Portal

What is Portal?

Portal is a powerful memory introspection and manipulation tool that provides a cooperative, hypercall-based protocol for reading from and writing to guest memory. Unlike traditional memory introspection approaches that directly access the physical memory, Portal uses a cooperative approach between the guest and hypervisor, providing robust memory access and manipulation capabilities across different architectures and OS versions.

How Hypermem Works

  1. Guest-Hypervisor Communication: The guest OS registers a memory region with the hypervisor via a hypercall. This region serves as a communication channel between the guest and hypervisor.

  2. Memory Operations: The hypervisor can request various operations (read, write, etc.) by writing commands to this shared memory region. The guest kernel then processes these requests and writes results back to the shared region.

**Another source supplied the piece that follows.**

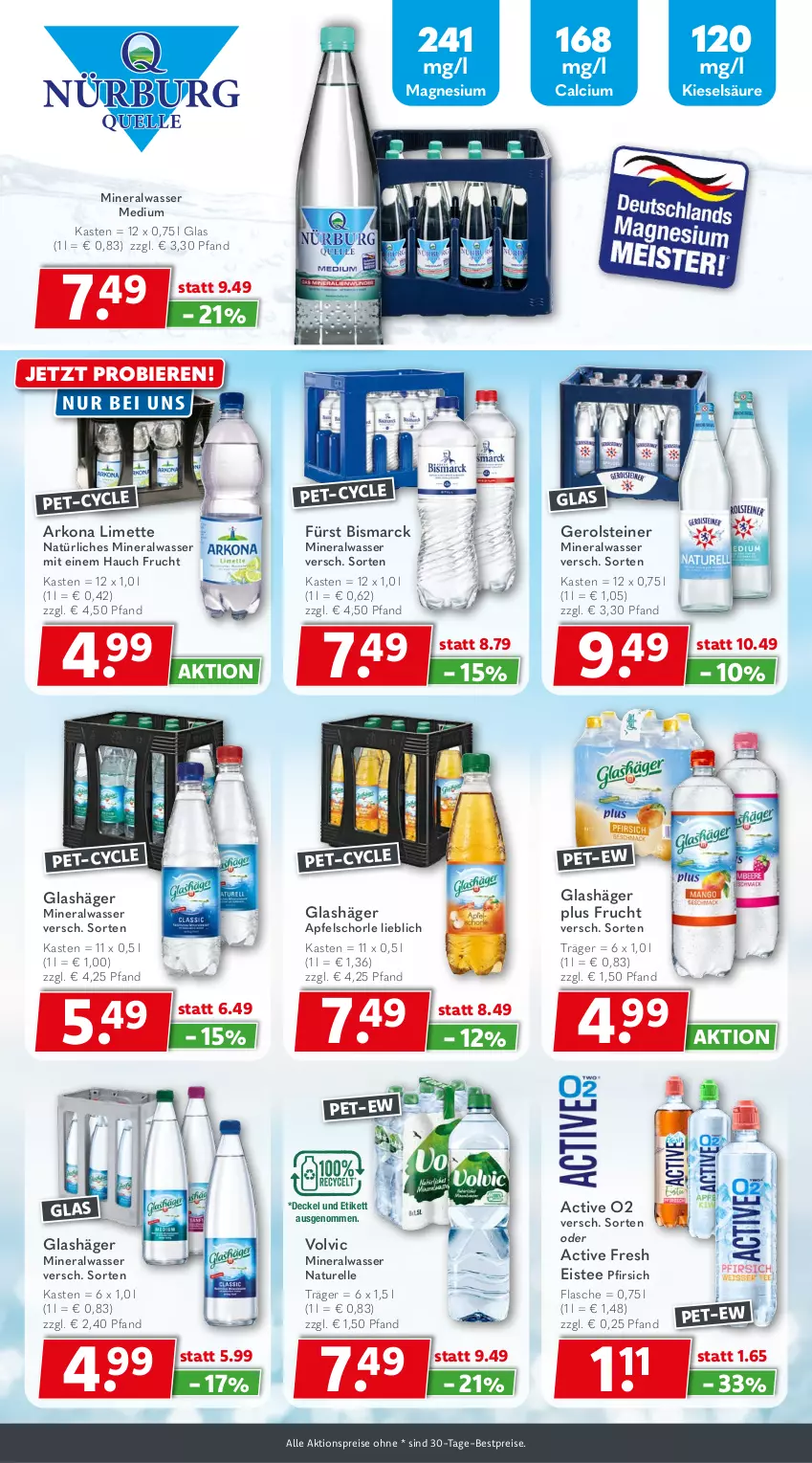 Aktueller Prospekt Getraenkeland - von 03.08 bis 15.08.2026 - strona 6 - produkty: aktionspreis, Alwa, apfel, Apfelschorle, bestpreis, bestpreise, bier, Biere, bismarck, Calcium, decke, Deckel, eis, eistee, elle, flasche, frucht, gerolsteine, gerolsteiner, limette, magnesium, Mett, mineralwasser, Mineralwasser Medium, natur, natürliches mineralwasser, pfirsich, reis, rel, schorle, steiner, tee, Ti, volvic, wasser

  3. Python API: Hypermem exposes a convenient Python API for PANDA plugins to read and write guest memory, access process information, inspect file descriptors, and more.

Memory Region Structure

The communication between the guest kernel and hypervisor happens through a shared memory region with the following structure:

struct mem_region {
    __le64 op;       // Operation code (read, write, etc.)
    __le64 addr;     // Target address or parameter
    __le64 size;     // Size of data or parameter
    char data[CHUNK_SIZE]; // Data buffer (4072 bytes)
};

Example: Using Hypermem in a Python Plugin

Basic Usage Pattern

from penguin import getColoredLogger, plugins, Plugin

class MemoryAccess(Plugin):
    def __init__(self):
        self.logger = getColoredLogger("plugins.memory_access")
        
        self.panda.hsyscall("on_sys_read_return")(self.on_read)
    
    @plugins.portal.wrap
    def on_read(self, cpu, proto, syscall, hook, fd, buf_addr, count):
        # Read a string from the buffer address
        buffer_content = yield from plugins.portal.read_str(buf_addr)
        self.logger.info(f"Read buffer content: {buffer_content}")
        
        # Write a string to memory
        yield from plugins.portal.write_str(buf_addr, "Modified content")
        
        # Read an integer value from memory
        value = yield from plugins.portal.read_int(buf_addr + 16)
        self.logger.info(f"Integer value: {value:#x}")

Advanced Examples

The Problem

When rehosting TP-Link Archer C20 devices, the boot process stalls with a process repeatedly printing “swRegRead” to stderr. This function is responsible for reading registers from the ethernet switch hardware through IOCTL calls. Since the actual hardware isn’t present in our emulation environment, we need to intercept these calls and provide appropriate responses.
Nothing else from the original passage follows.